Parameters:	src – input image: 8-bit unsigned, 16-bit unsigned ( `CV_16UC...` ), or single-precision floating-point. dst – output image of the same size and depth as `src`. code – color space conversion code (see the description below). dstCn – number of channels in the destination image; if the parameter is 0, the number of the channels is derived automatically from `src` and `code` .

src – input image: 8-bit unsigned, 16-bit unsigned ( CV_16UC... ), or single-precision floating-point.
dst – output image of the same size and depth as src.
code – color space conversion code (see the description below).
dstCn – number of channels in the destination image; if the parameter is 0, the number of the channels is derived automatically from src and code .

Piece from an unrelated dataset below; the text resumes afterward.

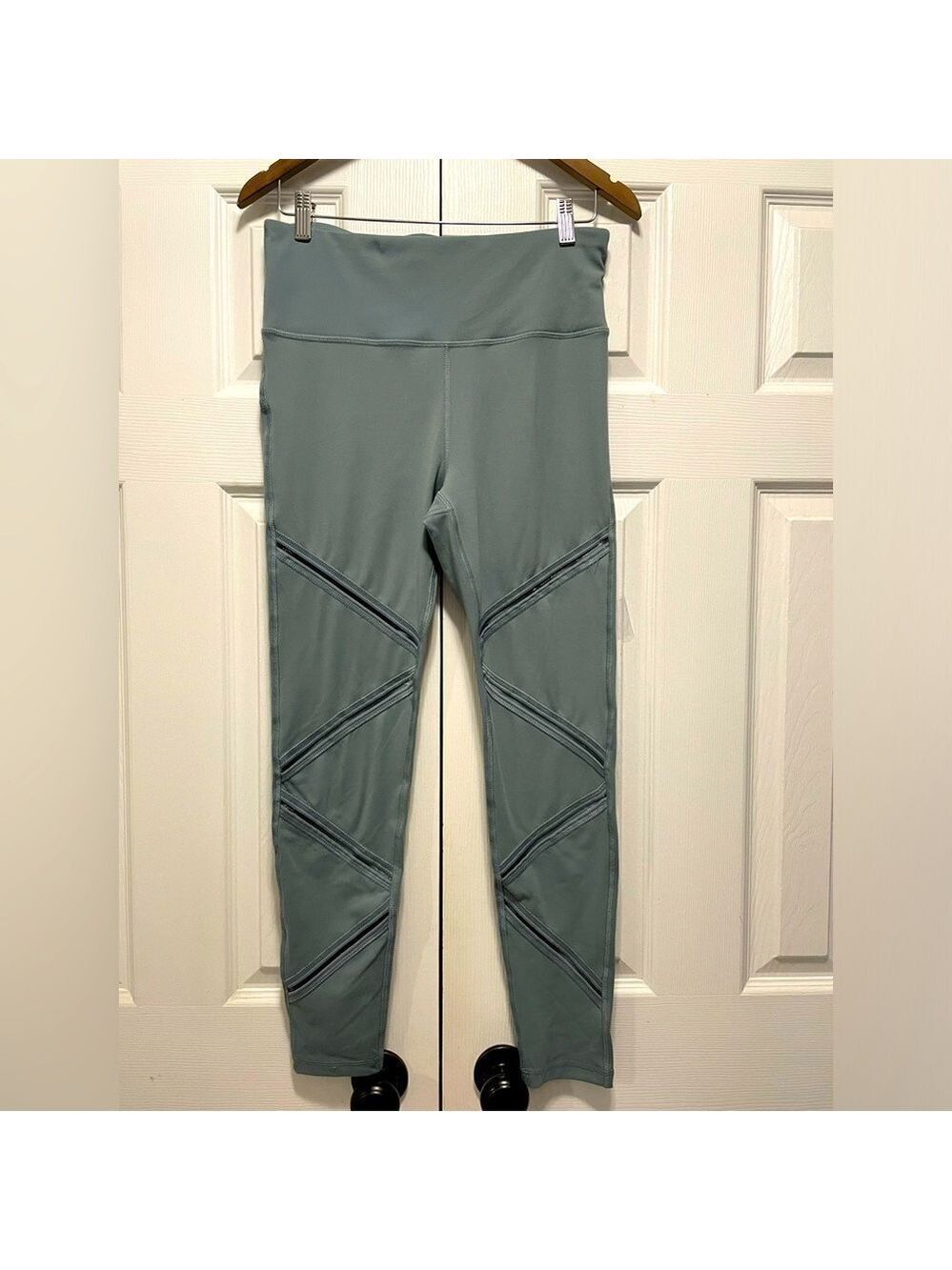Mono B High Waisted sage green leggings Large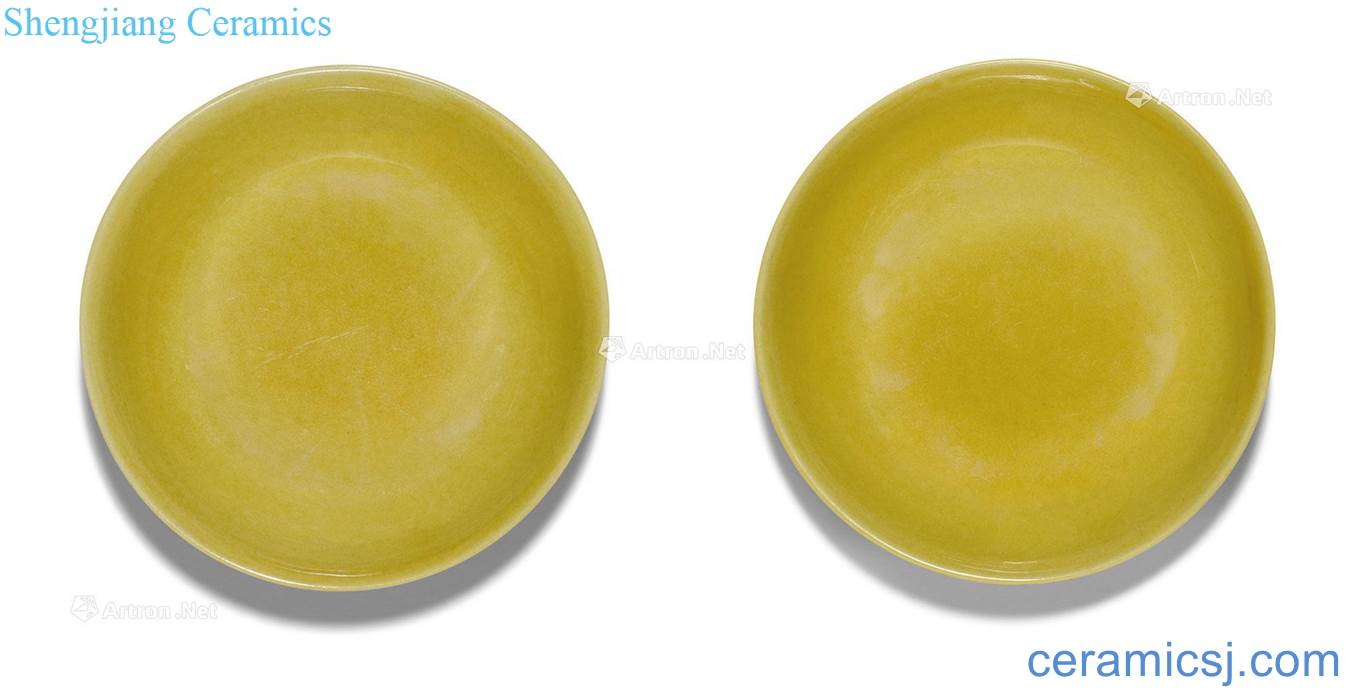 MingZhengDe yellow glaze plate (a)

The function converts an input image from one color space to another. In case of a transformation to-from RGB color space, the order of the channels should be specified explicitly (RGB or BGR). Note that the default color format in OpenCV is often referred to as RGB but it is actually BGR (the bytes are reversed). So the first byte in a standard (24-bit) color image will be an 8-bit Blue component, the second byte will be Green, and the third byte will be Red. The fourth, fifth, and sixth bytes would then be the second pixel (Blue, then Green, then Red), and so on.

The conventional ranges for R, G, and B channel values are:

0 to 255 for CV_8U images
0 to 65535 for CV_16U images
0 to 1 for CV_32F images

In case of linear transformations, the range does not matter. But in case of a non-linear transformation, an input RGB image should be normalized to the proper value range to get the correct results, for example, for RGB $\rightarrow$ L*u*v* transformation. For example, if you have a 32-bit floating-point image directly converted from an 8-bit image without any scaling, then it will have the 0..255 value range instead of 0..1 assumed by the function. So, before calling cvtColor , you need first to scale the image down:

 
      img *= 1./255;
cvtColor(img, img, COLOR_BGR2Luv);

If you use cvtColor with 8-bit images, the conversion will have some information lost. For many applications, this will not be noticeable but it is recommended to use 32-bit images in applications that need the full range of colors or that convert an image before an operation and then convert back.

If conversion adds the alpha channel, its value will set to the maximum of corresponding channel range: 255 for CV_8U, 65535 for CV_16U, 1 for CV_32F.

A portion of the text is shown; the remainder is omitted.